What needs to be done:
Below are entries with pictures in them. Output exactly the lines starting at the line with "A glass overhang" and ending at the line with "Photo of an", both included, but not the pictures.
[[ Records supplied, beginning ]]
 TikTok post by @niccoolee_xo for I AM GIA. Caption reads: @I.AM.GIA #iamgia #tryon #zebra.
[[ Records supplied, end ]]
[[ Records supplied, beginning ]]
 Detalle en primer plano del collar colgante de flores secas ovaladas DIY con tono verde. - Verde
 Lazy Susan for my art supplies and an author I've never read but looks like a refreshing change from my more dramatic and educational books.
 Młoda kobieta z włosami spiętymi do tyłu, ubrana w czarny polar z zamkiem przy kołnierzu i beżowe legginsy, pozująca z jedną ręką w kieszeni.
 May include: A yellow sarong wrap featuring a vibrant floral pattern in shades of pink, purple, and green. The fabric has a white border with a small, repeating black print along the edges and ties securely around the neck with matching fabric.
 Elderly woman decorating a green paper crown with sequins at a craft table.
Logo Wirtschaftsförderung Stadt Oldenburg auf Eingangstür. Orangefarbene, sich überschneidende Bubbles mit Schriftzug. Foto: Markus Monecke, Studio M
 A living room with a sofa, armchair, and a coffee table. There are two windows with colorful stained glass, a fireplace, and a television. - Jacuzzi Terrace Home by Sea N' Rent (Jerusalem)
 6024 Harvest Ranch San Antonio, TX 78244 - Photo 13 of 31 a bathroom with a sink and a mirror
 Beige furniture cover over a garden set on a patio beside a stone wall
[[ Records supplied, end ]]
[[ Records supplied, beginning ]]
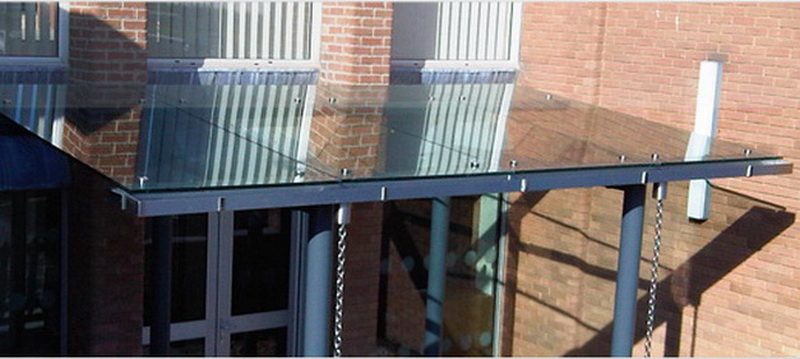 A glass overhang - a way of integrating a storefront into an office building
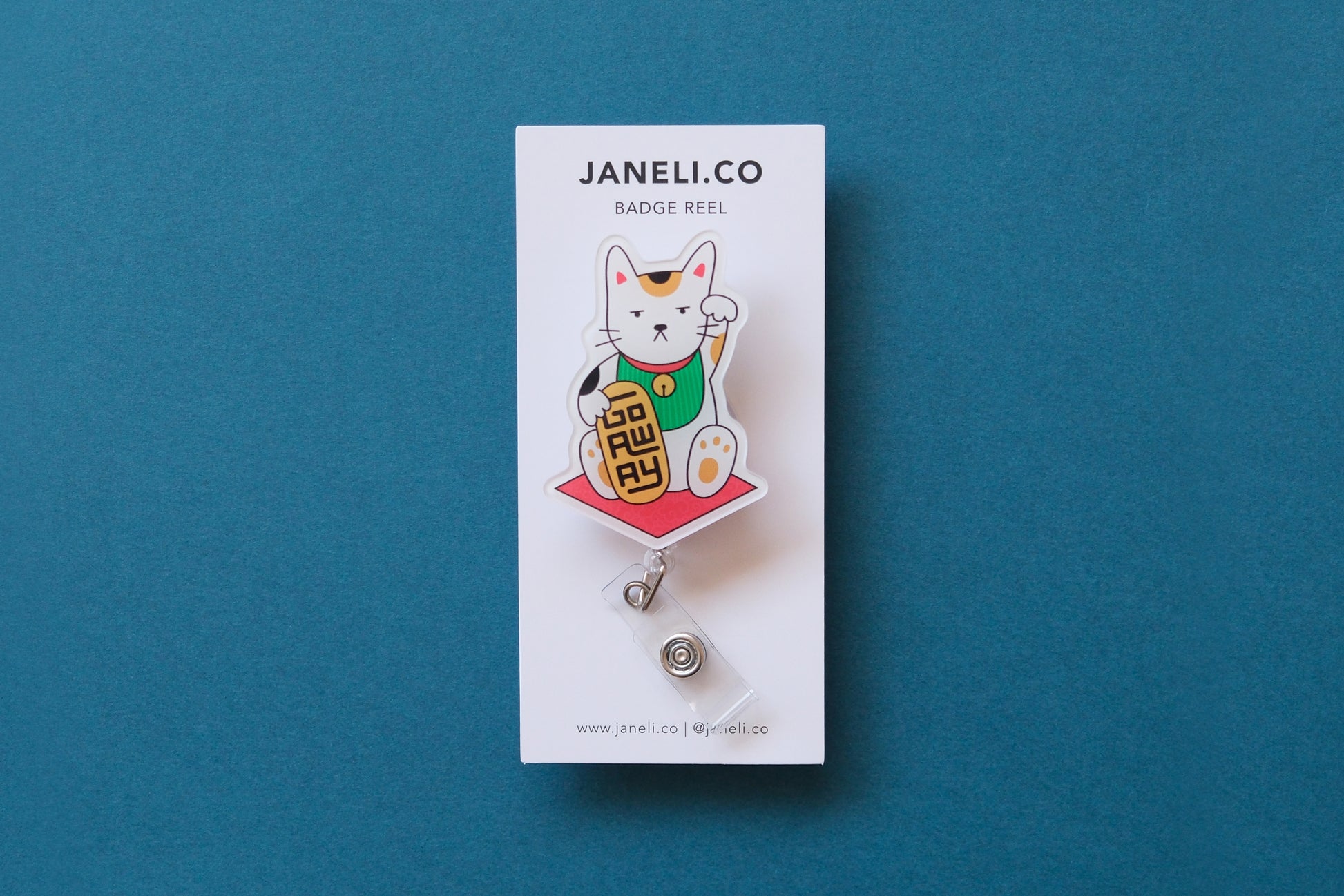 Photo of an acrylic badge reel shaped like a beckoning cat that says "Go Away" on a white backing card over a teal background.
[[ Records supplied, end ]]
Reply:
 A glass overhang - a way of integrating a storefront into an office building
 Photo of an acrylic badge reel shaped like a beckoning cat that says "Go Away" on a white backing card over a teal background.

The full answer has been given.